None of the precautions are necessary.

I’ve lost my anger. My fight. Jarek has the weapons and the explosives. I don’t care that I’m bathed like an infant, that these Guardians have seen me naked. My brother is lost forever. Soon the Wall that has protected us for over a century will be breached, allowing unknown horrors to enter while we’re left to battle the Verdant Beast. The best I can hope for is that Jarek manages to kill it when he blows open the Wall.

“I’m glad I started with your hair,” Misia says. “So it had time to dry.”

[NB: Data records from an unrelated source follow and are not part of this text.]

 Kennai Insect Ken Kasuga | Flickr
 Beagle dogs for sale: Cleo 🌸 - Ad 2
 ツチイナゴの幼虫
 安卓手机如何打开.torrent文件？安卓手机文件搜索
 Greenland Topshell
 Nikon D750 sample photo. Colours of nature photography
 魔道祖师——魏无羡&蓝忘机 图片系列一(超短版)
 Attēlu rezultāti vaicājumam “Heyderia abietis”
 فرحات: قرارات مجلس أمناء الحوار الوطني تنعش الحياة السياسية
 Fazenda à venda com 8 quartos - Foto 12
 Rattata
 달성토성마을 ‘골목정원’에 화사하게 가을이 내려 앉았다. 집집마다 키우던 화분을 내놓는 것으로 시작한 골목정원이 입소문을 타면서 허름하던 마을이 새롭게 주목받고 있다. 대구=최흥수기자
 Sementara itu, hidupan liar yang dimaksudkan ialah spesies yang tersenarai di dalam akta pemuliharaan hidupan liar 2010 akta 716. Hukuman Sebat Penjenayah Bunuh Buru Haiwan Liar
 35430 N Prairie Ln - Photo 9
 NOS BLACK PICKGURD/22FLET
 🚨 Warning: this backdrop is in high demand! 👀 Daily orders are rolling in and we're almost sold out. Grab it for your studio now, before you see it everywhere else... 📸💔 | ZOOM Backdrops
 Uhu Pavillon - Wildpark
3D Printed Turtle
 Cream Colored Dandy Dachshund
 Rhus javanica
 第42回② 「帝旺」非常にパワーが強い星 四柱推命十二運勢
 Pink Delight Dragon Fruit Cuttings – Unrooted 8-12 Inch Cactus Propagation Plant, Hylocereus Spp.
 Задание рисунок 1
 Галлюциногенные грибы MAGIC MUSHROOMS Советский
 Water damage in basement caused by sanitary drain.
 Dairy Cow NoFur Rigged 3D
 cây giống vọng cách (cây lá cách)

I’m seated in a chair in front of the ornate mirror inside the Tzu kitchen, wearing a red wedding gown, exactly as I was seven days ago.

But I’m not the same person I was then.

I know the mirror I’m looking at came from original prison warden Helen Hayes’s secret stash. I know Jarek has stockpiled her weapons, has hidden the Verdant Beast from us, has used fear and greed to turn the villagers against one another. I know that my mother was killed because she uncovered Jarek’s plans, and my brother was illegally Harvested because Marina didn’t want to marry him and they needed someone to pin with Mom’s murder. I know that I’m powerless.

I’m only a girl in a blood-red wedding dress.

“Stop fidgeting,” Misia says, tugging so hard at my hair that my neck jerks back. I’ve been motionless, but she’s claimed every opportunity to hurt me since my capture. Cracking my skull with a mug as she washed my hair. Pinching my skin between two buttons as she yanked on my dress. I drugged her and left her husband to find her unconscious at her post, so none of it surprises me.

“There,” she says, setting down a wide-toothed comb. “Look at how striking you are.”

Everything I care about has or will be stolen from me. My mother and father. Jonas. Gran, Aunt Florence, and Uncle Richard, who will certainly be punished until I agree to help Albert craft the herbicide that will kill us if monsters Beyond don’t first. Meryl, Oscar, Eero, and Sal, if they’re even still alive. It feels as though my very soul is draining into the earth.

A single question—a single unexplained fact—is scratching at me, but I brush it away.

“I said look.” Misia jerks my chin and forces me to stare at my reflection. “Even more arresting than your mother. Neither of you was ever beautiful, but there’s something interesting there.”

I don’t recognize the girl staring back at me. Her dark brown hair cascades in curls threaded with currant-colored ribbons and tiny, polished stones that glitter like captured stars. Her eyes have been lined with a pencil, her lids dusted with pink. The colors make them appear impossibly large, her lashes lush. The artificial rosiness of her cheeks complements her broad nose and strong chin. Her lips are plump and cherry kissed. She wears the most beautiful crimson gown, a delicate pattern of beads accenting her chest and waist, leading to a full skirt.

Only her shackled hands disturb the picture.

“Do you like it?” Misia asks.

The creature in the mirror nods. What does it matter? This isn’t matrimony; it’s propaganda. I wonder how many people will recognize that. I wonder how many more will hate me for violating everything our collective is supposed to be, once they hear Jarek’s accusations against me.